Step 3 Preparation of (5-Bromo-pyridin-2-ylmethyl)-isopropyl-amine To a solution of (5-Bromo-pyridin-2-yl)-methylamine (0.350 g, 1.871 mmol) in dry acetonitrile (7.0 mL) is added acetone (119 mg, 2.05 mmol) at room temperature. After stirring for 1 hour at room temperature, sodium Triacetoxy borohydride (595 mg, 2.807 mmol) is added then stir at room temperature for 16 hours. The volatiles are removed under reduced pressure, diluted with saturated aqueous bicarbonate solution and ethyl acetate. The organic layer separated and aqueous layer is extracted with ethyl acetate. Combined organic layer is dried over sodium sulphate, solvent is evaporated in vacuo and crude is purified by column chromatography eluting in 6% methanol in CH2Cl2 to afford the title compound (160 mg). 1H-NMR (400 MHz, DMSO-d6) delta: 0.98 (d, J=6.24 Hz, 6H), 2.66-2.73 (m, 1H), 3.76 (s, 2H), 7.44 (d, J=8.36 Hz, 1H), 7.97-7.80 (dd, J1=8.4 Hz, J2=2.4 Hz, 1H), 8.59 (d, J=2.32 Hz, 1H). LC-MS (m/z): [M+H]=230.9.

If you are interested in these compounds, you can also browse my other articles.Thank you for taking the time to read this article. I hope you enjoyed it, 173999-23-0, (5-Bromopyridin-2-yl)methanamine.

Reference:
Patent; Curtis, Michael; Duclos, Brian A.; Ewin, Richard A.; Johnson, Paul D.; Johnson, Timothy Allen; Vairagoundar, Rajendran; Billen, Denis; Goodwin, Richard M.; Haber-Stuk, Andrea K.; Kyne, Graham M.; Sheehan, Susan M. K.; US2013/237502; (2013); A1;,
Pyridine – Wikipedia,
Pyridine | C5H5N – PubChem

New learning discoveries about 2,6-Dichloronicotinic acid

At the same time, in my other blogs, there are other synthetic methods of this type of compound,38496-18-3, 2,6-Dichloronicotinic acid, and friends who are interested can also refer to it.
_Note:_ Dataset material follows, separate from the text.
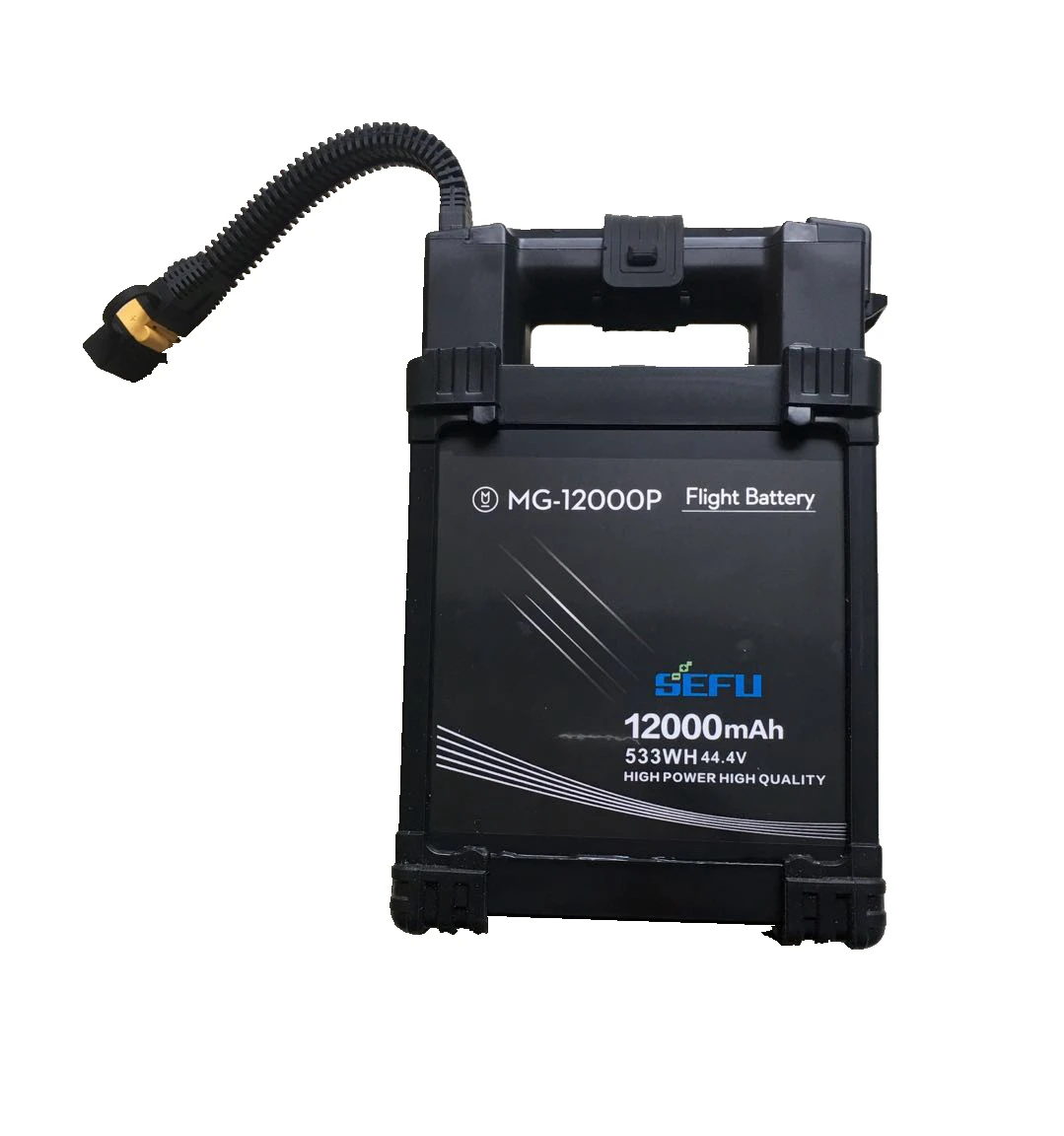 

MG-12000P battery MG-1 battery MG-1S/MG-1P battery for Agricutlture drone Irrigation and hydroponic equipment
Adding a certain compound to certain chemical reactions, such as: 38496-18-3, 2,6-Dichloronicotinic acid, can increase the reaction rate and produce products with better performance than those obtained under traditional synthetic methods. Here is a downstream synthesis route of the compound, name: 2,6-Dichloronicotinic acid, blongs to pyridine-derivatives compound. name: 2,6-Dichloronicotinic acid

Preparation Example A-4. 2-Amino-6-chloronicotinic acid Tris(2-(2-methoxyethoxy)ethyl)amine (3.0mL, 9.4mmol) was added to a mixture of 2,6-dichloronicotinic acid (40g (90percentpurity), 0.19 mol), acetamide (80g, 1.4mol), potassium carbonate (78g, 0.56mol), copper(I) chloride (0.93g, 9.4mmol) and xylene (80mL), which was stirred overnight at 145°C. After cooling, copper(I) chloride (0.46g, 4.6mmol) was added to the reaction solution, which was stirred overnight at 145°C. After cooling the reaction solution to 105°C, water (1 00mL) was added, the solution was stirred for 1 hour at the same temperature, and cooled down to room temperature. 5N hydrochloric acid (150mL) was added, the solution was neutralized with a citric acid aqueous solution, then, ethyl acetate was added, and the solution was filtered through Celite pad. The organic layer was washed with brine, then, the solvent was evaporated in vacuo. The residue was purified by silica gel column chromatography (ethyl acetate), recrystallization by the ethyl acetate-hexane was carried out to obtain the title compound (1.4g, 8.3mmol, 4.5percent) as white crystal. 1H-NMR Spectrum (DMSO-d6) delta (ppm): 6.61 (1H, d, J=8.1 Hz), 7.53 (2H, brs), 8.01 (1 H, d, J=8.1 Hz).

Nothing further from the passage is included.